-- WHAT IS REQUIRED --
Your answer must be a word-for-word copy of the listing, with all pictures excluded.
┌──
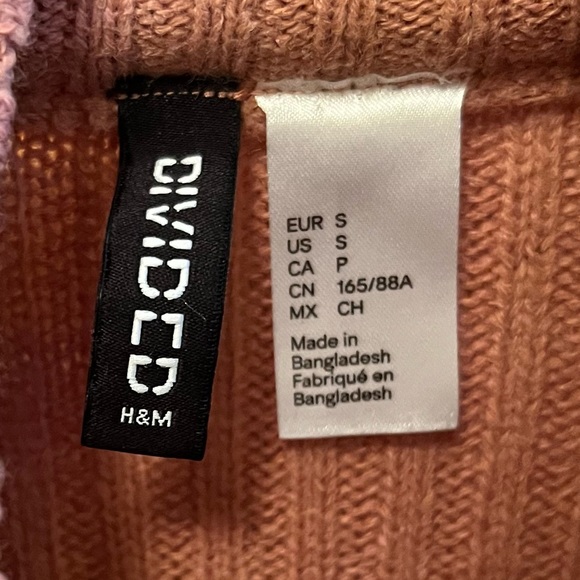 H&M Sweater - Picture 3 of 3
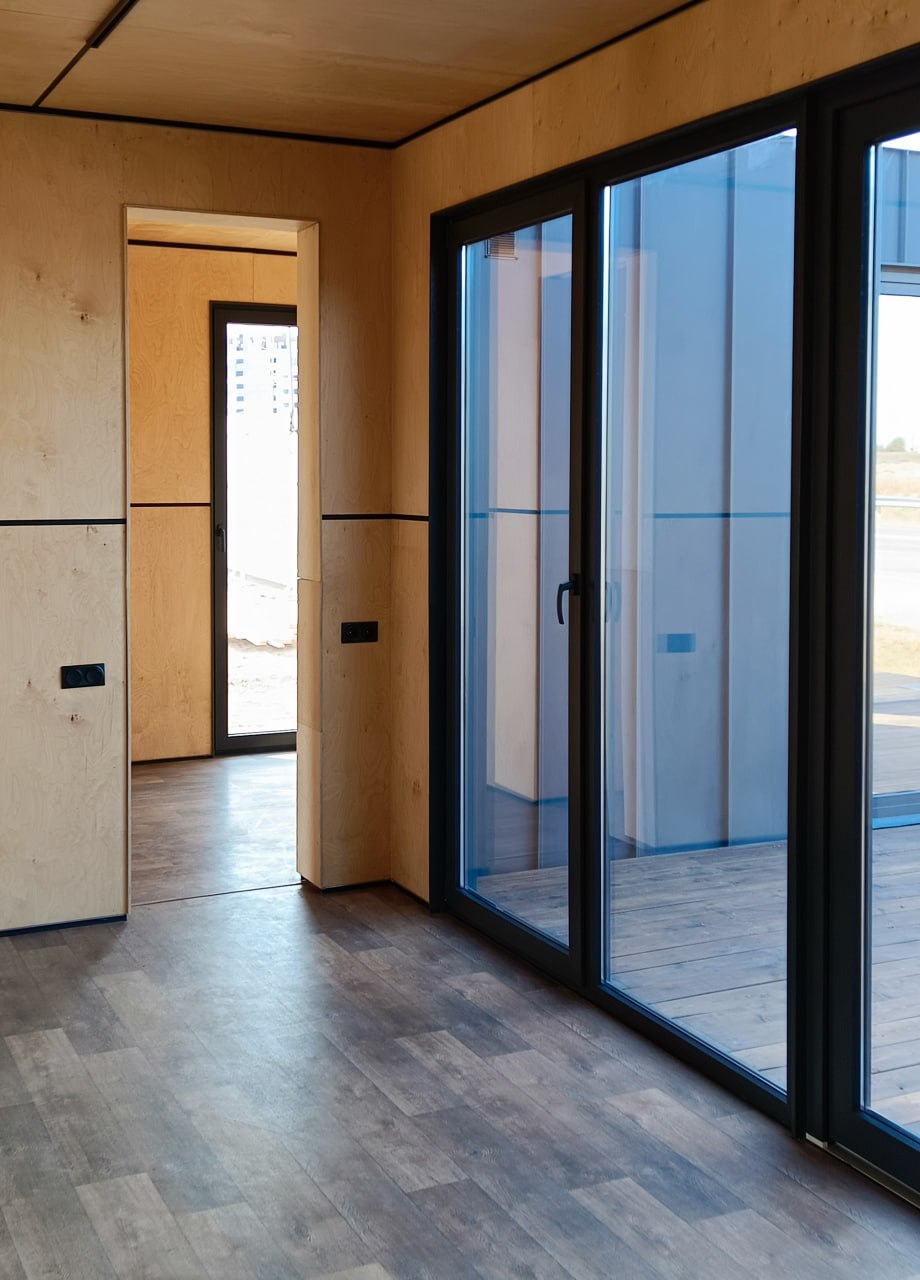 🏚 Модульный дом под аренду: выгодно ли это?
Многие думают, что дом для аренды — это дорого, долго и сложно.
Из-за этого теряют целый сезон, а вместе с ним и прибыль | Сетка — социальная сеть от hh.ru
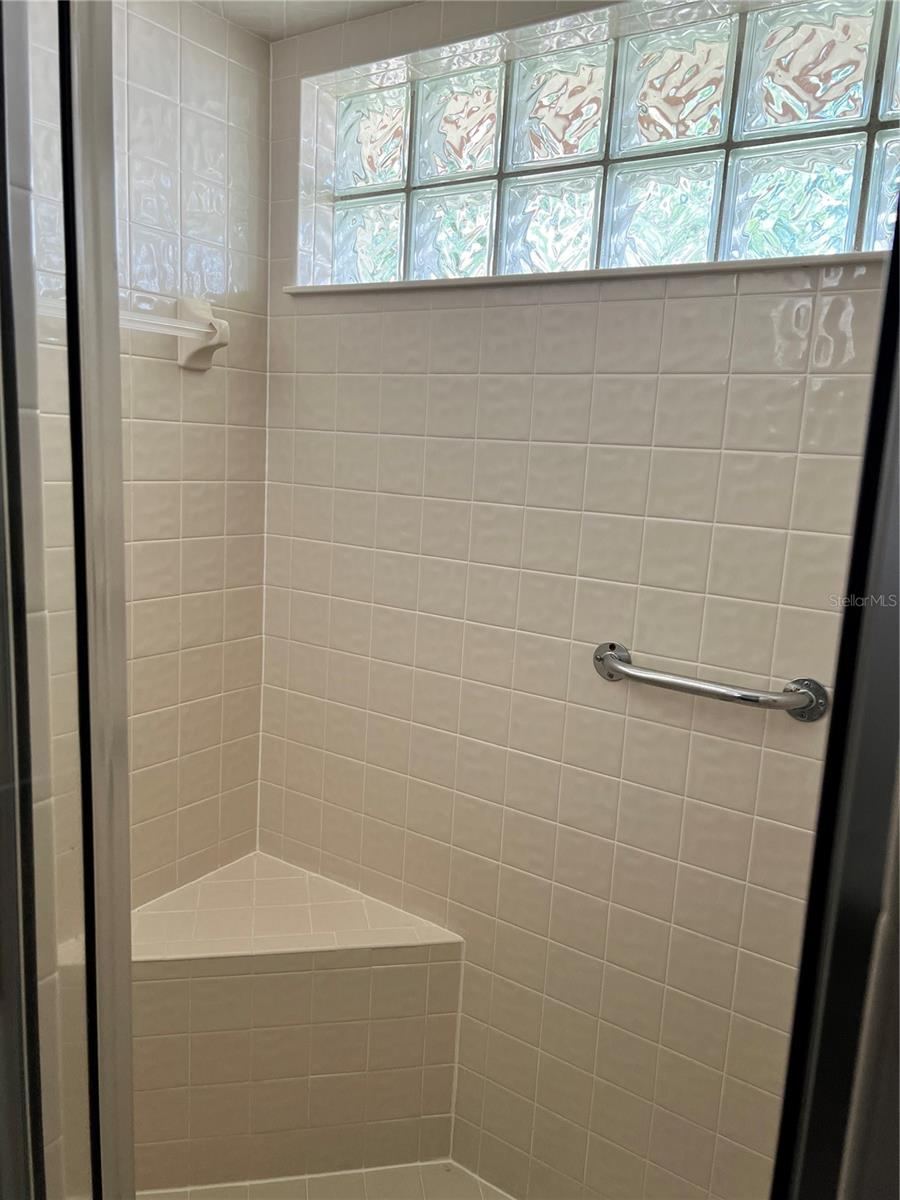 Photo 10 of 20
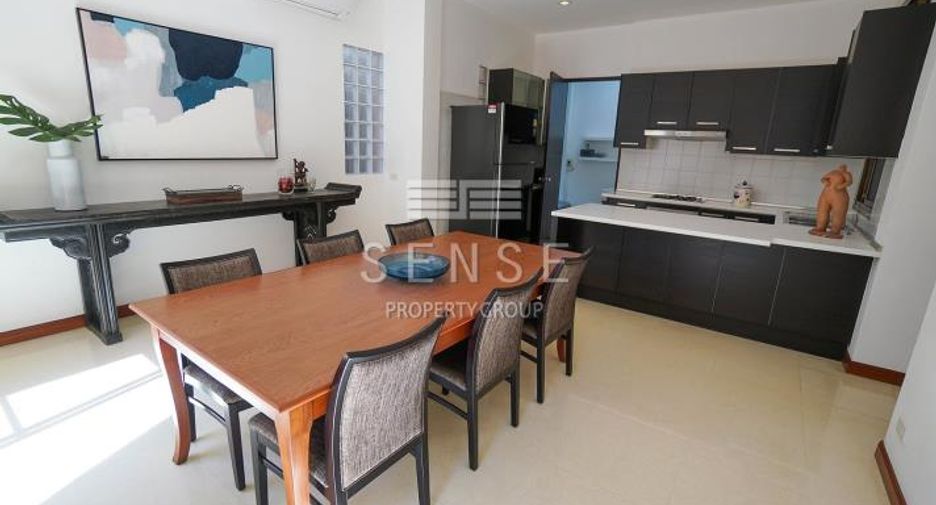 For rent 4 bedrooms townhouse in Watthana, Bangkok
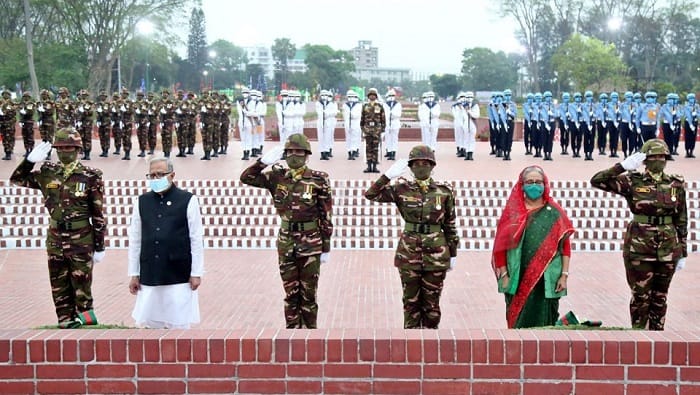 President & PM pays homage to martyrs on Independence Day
└──
-- ANSWER BOX --
 H&M Sweater - Picture 3 of 3
 🏚 Модульный дом под аренду: выгодно ли это?
Многие думают, что дом для аренды — это дорого, долго и сложно.
Из-за этого теряют целый сезон, а вместе с ним и прибыль | Сетка — социальная сеть от hh.ru
 Photo 10 of 20
 For rent 4 bedrooms townhouse in Watthana, Bangkok
 President & PM pays homage to martyrs on Independence Day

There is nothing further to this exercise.